--- Given information ---
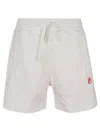 VISION OF SUPER WHITE SHORTS WITH FLAMES LOGO AND METAL LABEL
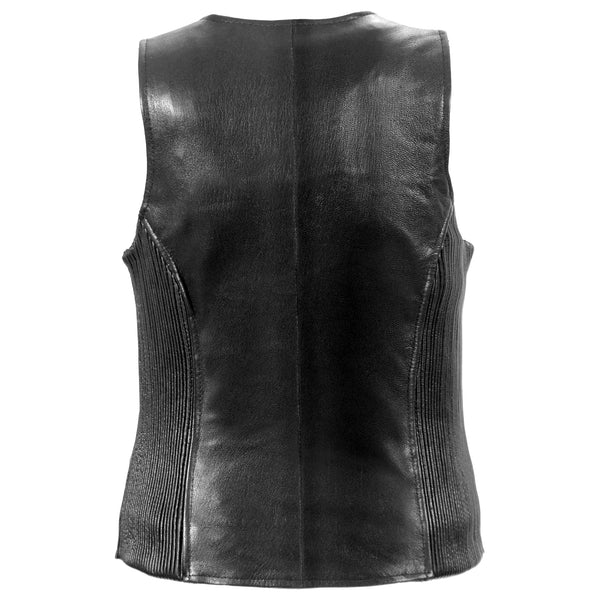 Xelement B380 Black Motorcycle Vest for Womens - Ladies Real Genuine Leather Biker Gilet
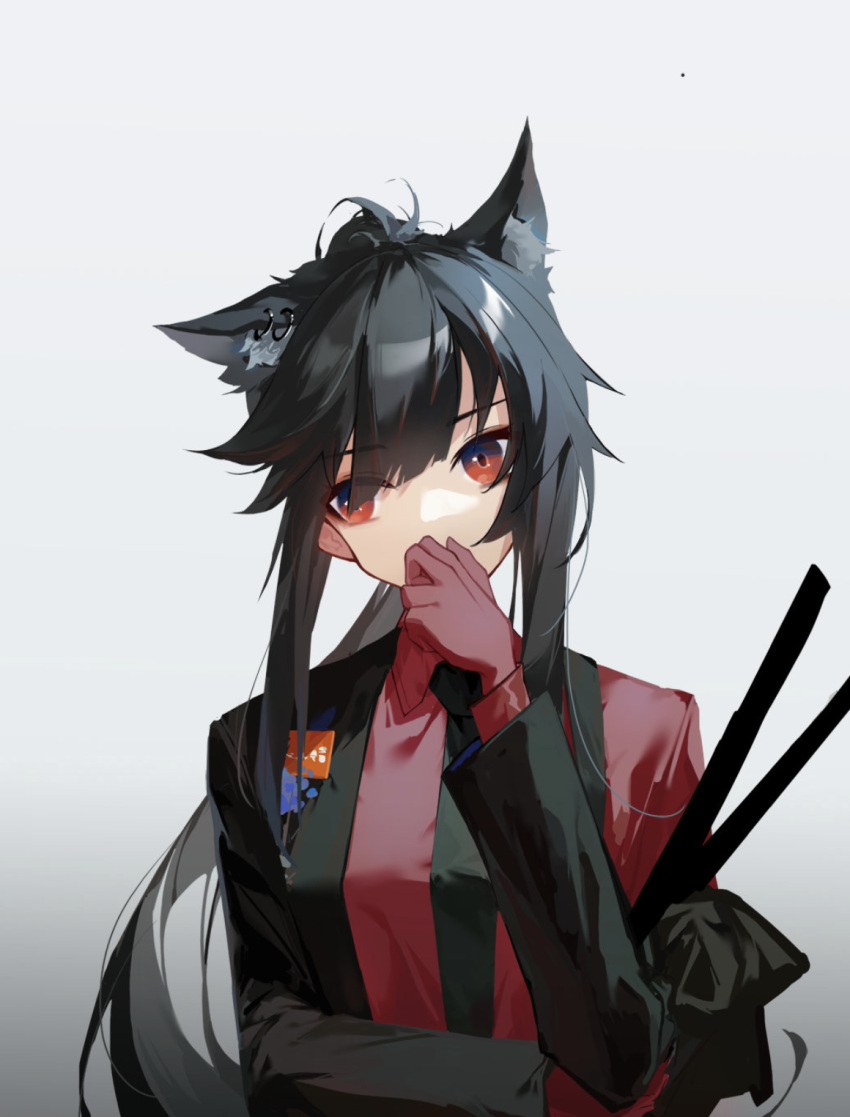 1girl animal_ear_fluff animal_ears arknights bangs black_hair black_jacket black_necktie breasts collared_shirt gloves gradient gradient_background grey_background hand_on_own_face highres jacket long_hair long_sleeves looking_away looking_to_the_side medium_breasts necktie off_shoulder official_alternate_costume open_clothes open_jacket owenhiruno ponytail red_eyes red_gloves red_shirt shirt sidelocks solo texas_(arknights) texas_(willpower)_(arknights) upper_body wolf_ears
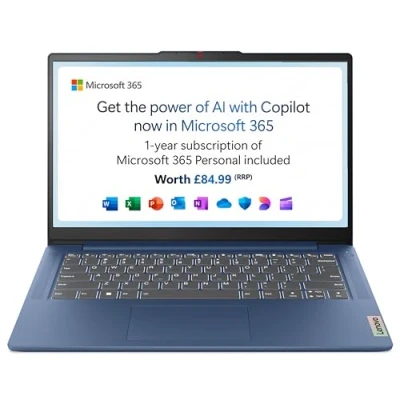 Image of Lenovo IdeaPad Slim 3 14 inch Full HD Laptop Intel N100 4GB RAM 128GB SSD Windows 11 Home in S mode Microsoft 365 Personal Abyss Blue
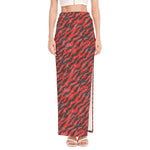 Black And Red Tiger Stripe Camo Print High Slit Maxi Skirt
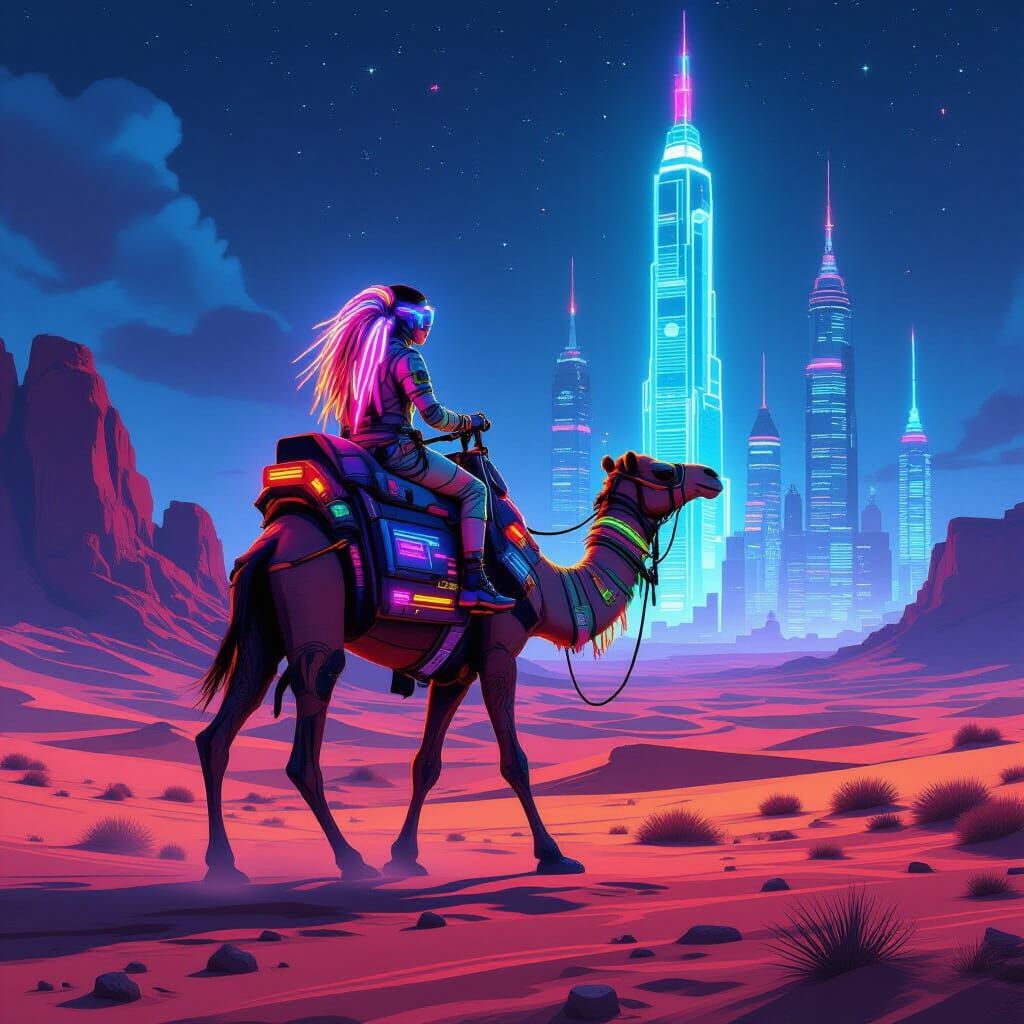 Cyberpunk Camel with Neon Dreadlocks in Futuristic Desert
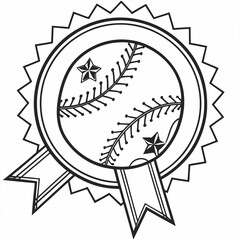 Stylized black and white baseball emblem with stars and ribbons for sports awards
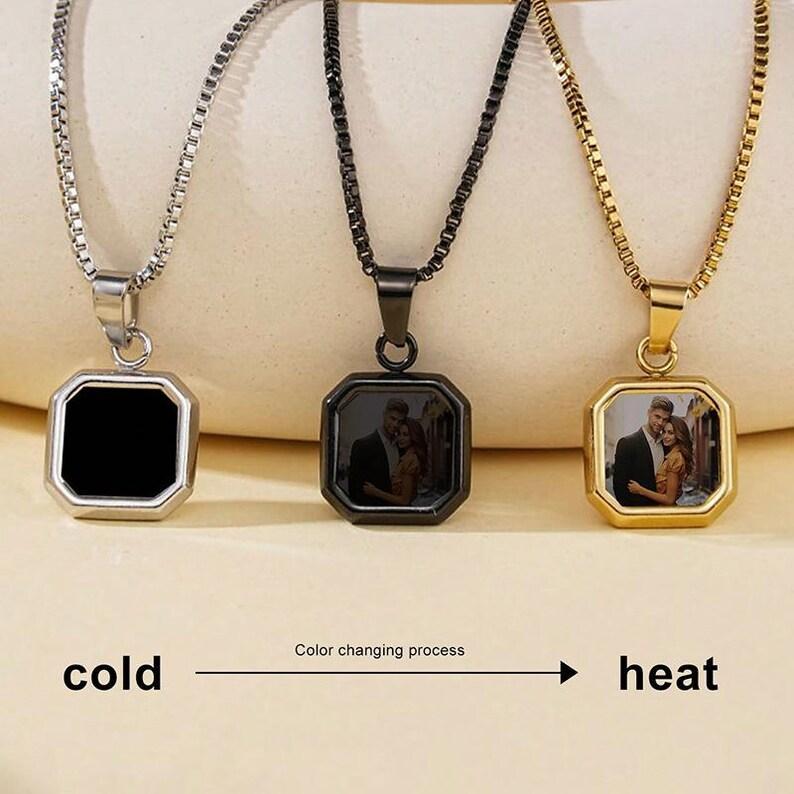 Fun Gifts Custom Photo Hidden Heart Magic Necklace Personalized Cold Concealed Photo Necklace Heat Reveal Picture Necklace Suprise Gifts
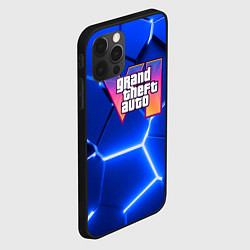 Чехол для iPhone 12 Pro Max GTA 6 лого на фоне разлома синих плит, цвет: 3D-черный — фото 2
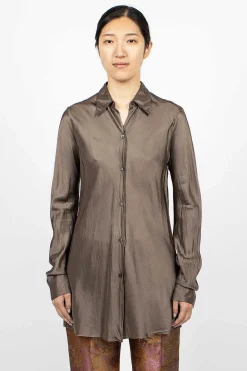 Dries Van Noten Long Viscose Shirt Grey| Shirts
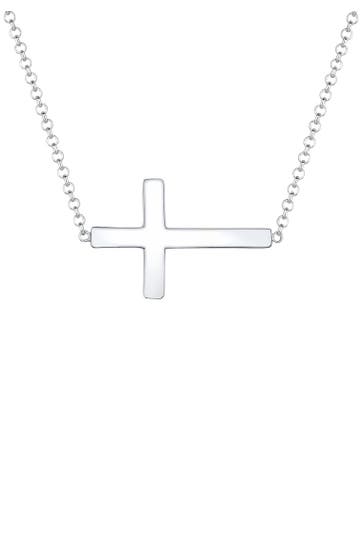 ELLI Kette Kreuz Faith 925 Sterling Silber Kommunion Silber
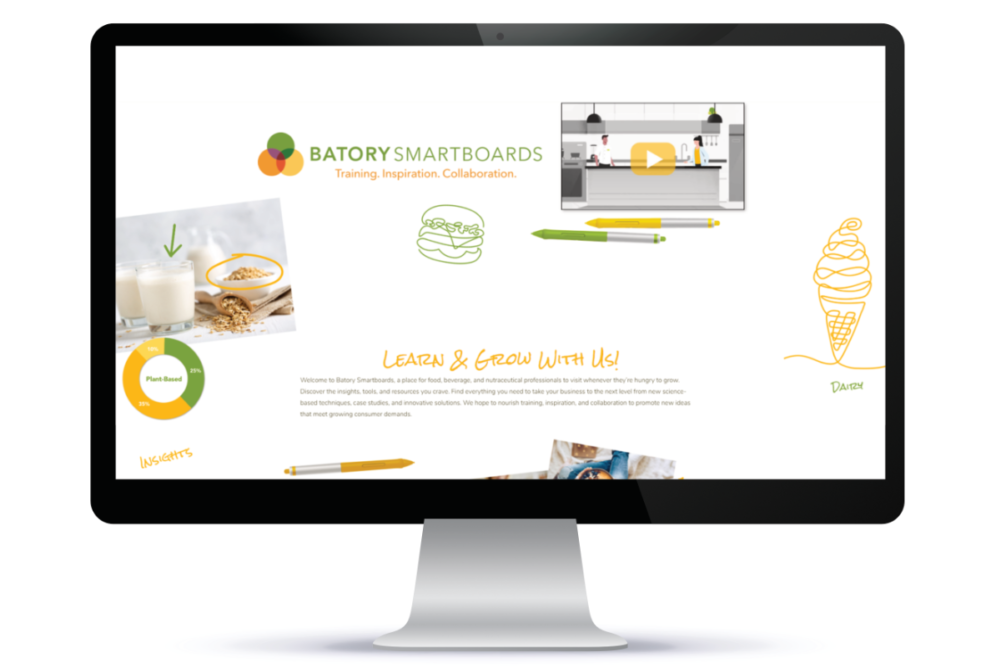 Batory Foods' smartboard microsite homepage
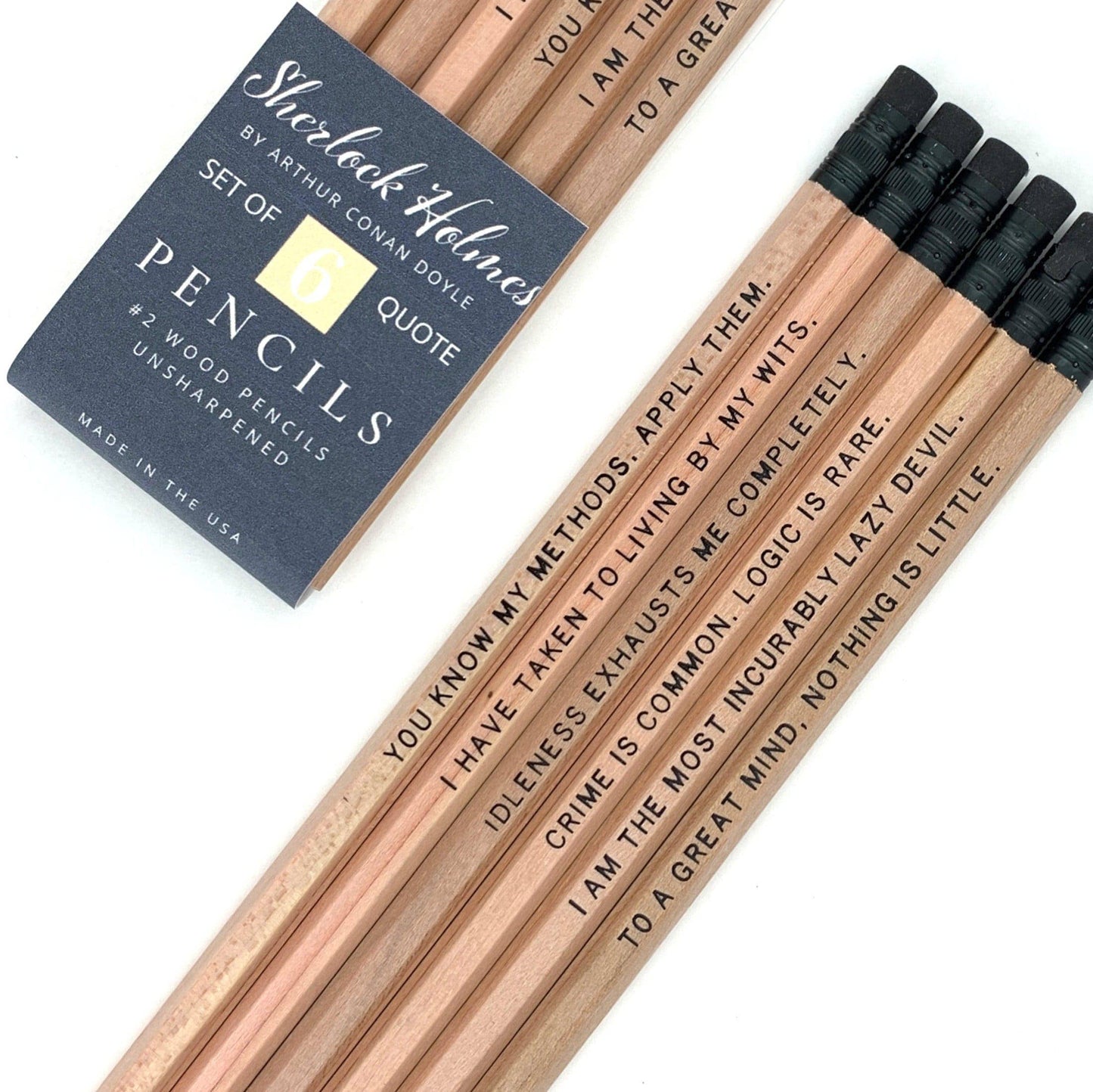 Sherlock Holmes Quote Pencils, Father's Day Bookish Gift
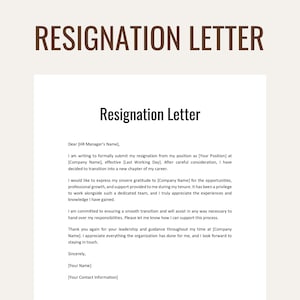 Plantilla de carta de renuncia / Ejemplo de carta de renuncia editable / Descarga instantánea / MS Word Google Docs PDF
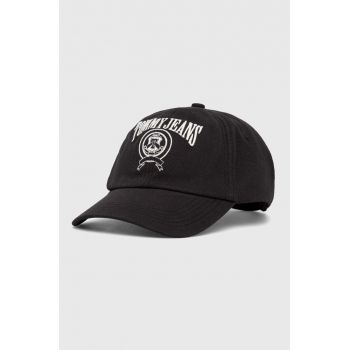 Tommy Jeans șapcă de baseball din bumbac culoarea negru, cu imprimeu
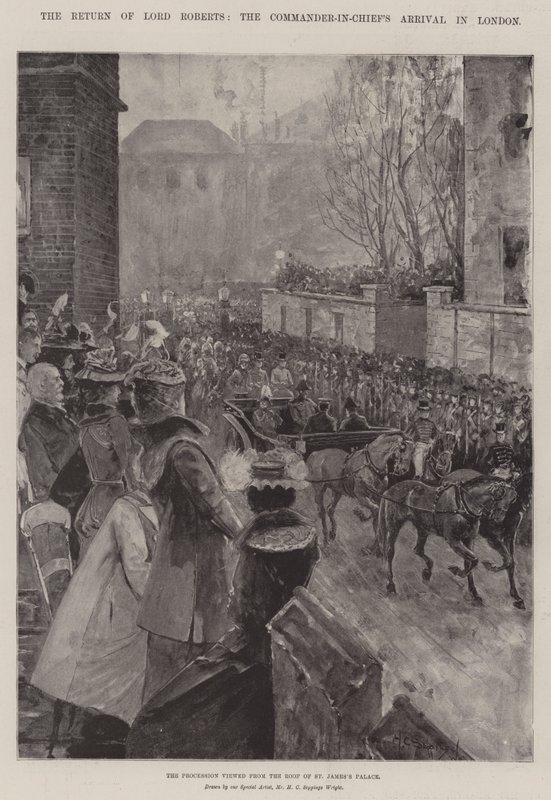 De terugkeer van Lord Roberts, de aankomst van de opperbevelhebber in Londen door Henry Charles Seppings Wright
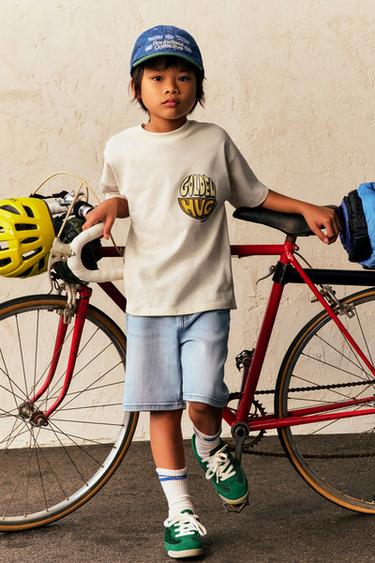 T-SHIRT WITH RAISED SLOGAN - Ecru by Zara - Image 4
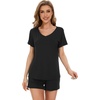 image:imageWiWi Viscose from Bamboo Cami Top Pajama Set for Women Sleeveless Tops with Shorts Pjs Sets SXXLEblack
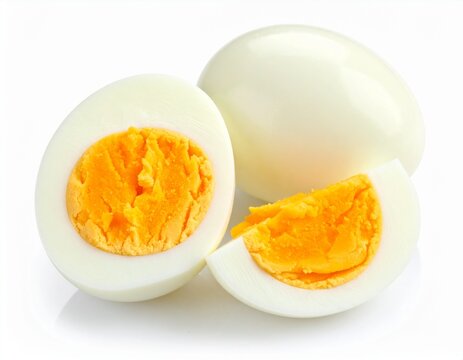 Close-up of a cracked egg, highlighting its vibrant yolk and versatile nature ideal for breakfast, cooking ingredients, or nutrition concepts. Egg in white background, sliced egg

--- Brief ---
Every line of the material must be returned exactly; leave the images out.

--- Answer section ---
 VISION OF SUPER WHITE SHORTS WITH FLAMES LOGO AND METAL LABEL
 Xelement B380 Black Motorcycle Vest for Womens - Ladies Real Genuine Leather Biker Gilet
 1girl animal_ear_fluff animal_ears arknights bangs black_hair black_jacket black_necktie breasts collared_shirt gloves gradient gradient_background grey_background hand_on_own_face highres jacket long_hair long_sleeves looking_away looking_to_the_side medium_breasts necktie off_shoulder official_alternate_costume open_clothes open_jacket owenhiruno ponytail red_eyes red_gloves red_shirt shirt sidelocks solo texas_(arknights) texas_(willpower)_(arknights) upper_body wolf_ears
 Image of Lenovo IdeaPad Slim 3 14 inch Full HD Laptop Intel N100 4GB RAM 128GB SSD Windows 11 Home in S mode Microsoft 365 Personal Abyss Blue
 Black And Red Tiger Stripe Camo Print High Slit Maxi Skirt
 Cyberpunk Camel with Neon Dreadlocks in Futuristic Desert
 Stylized black and white baseball emblem with stars and ribbons for sports awards
 Fun Gifts Custom Photo Hidden Heart Magic Necklace Personalized Cold Concealed Photo Necklace Heat Reveal Picture Necklace Suprise Gifts
 Чехол для iPhone 12 Pro Max GTA 6 лого на фоне разлома синих плит, цвет: 3D-черный — фото 2
 Dries Van Noten Long Viscose Shirt Grey| Shirts
 ELLI Kette Kreuz Faith 925 Sterling Silber Kommunion Silber
 Batory Foods' smartboard microsite homepage
 Sherlock Holmes Quote Pencils, Father's Day Bookish Gift
 Plantilla de carta de renuncia / Ejemplo de carta de renuncia editable / Descarga instantánea / MS Word Google Docs PDF
 Tommy Jeans șapcă de baseball din bumbac culoarea negru, cu imprimeu
 De terugkeer van Lord Roberts, de aankomst van de opperbevelhebber in Londen door Henry Charles Seppings Wright
 T-SHIRT WITH RAISED SLOGAN - Ecru by Zara - Image 4
 image:imageWiWi Viscose from Bamboo Cami Top Pajama Set for Women Sleeveless Tops with Shorts Pjs Sets SXXLEblack
 Close-up of a cracked egg, highlighting its vibrant yolk and versatile nature ideal for breakfast, cooking ingredients, or nutrition concepts. Egg in white background, sliced egg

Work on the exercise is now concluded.